**REQUIRED ACTION:** Repeat the data exactly, leaving out any image.

**SUPPLIED INFORMATION:**
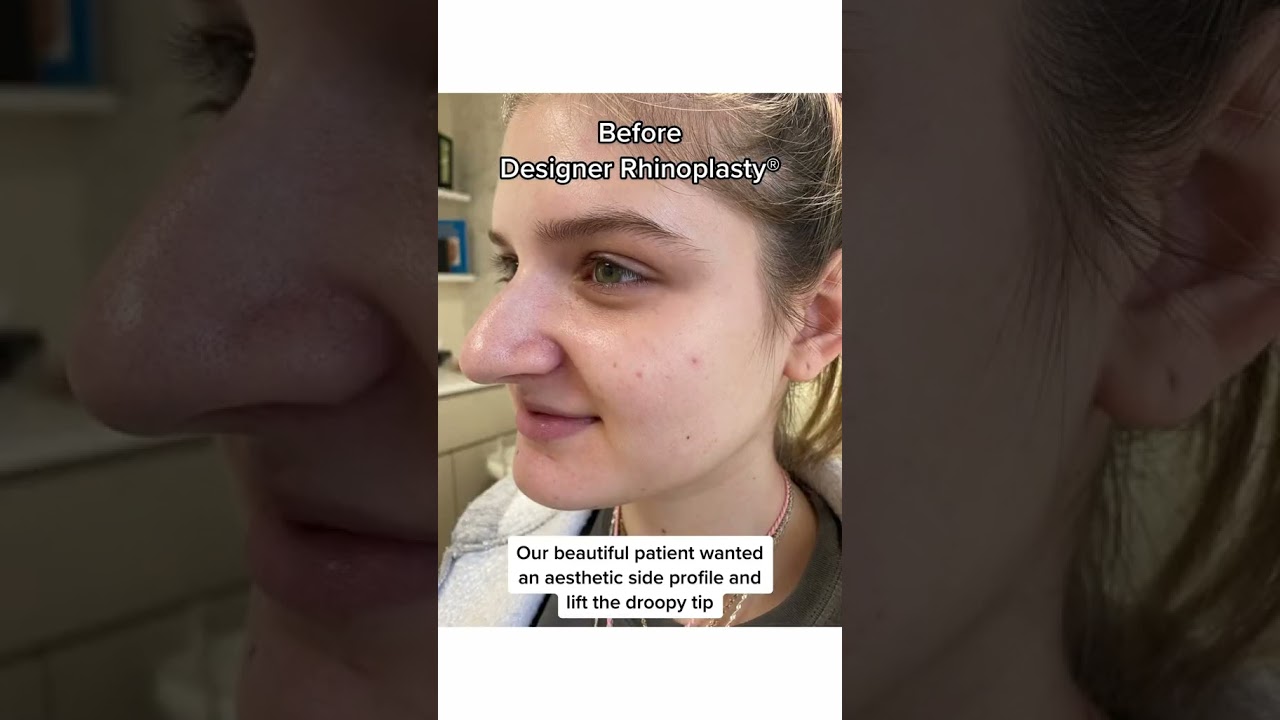6 Months Post-Designer Rhinoplasty Results ✨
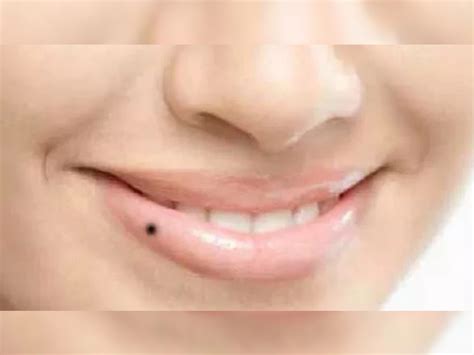 People moles on these 5 parts they live a luxury life apmp | Moles On ...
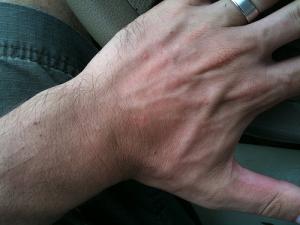 Sun poisoning symptoms, causes and treatment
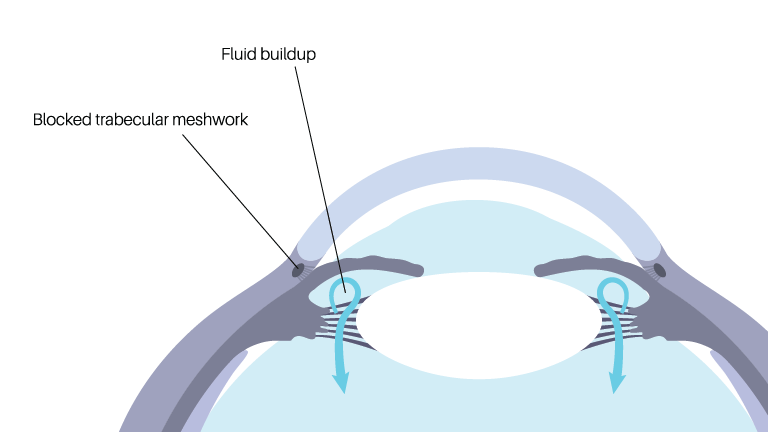 Imagery of blocked trabecular meshwork that can happen with glaucoma.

**ANSWER TO THIS TASK:**
6 Months Post-Designer Rhinoplasty Results ✨
 People moles on these 5 parts they live a luxury life apmp | Moles On ...
 Sun poisoning symptoms, causes and treatment
 Imagery of blocked trabecular meshwork that can happen with glaucoma.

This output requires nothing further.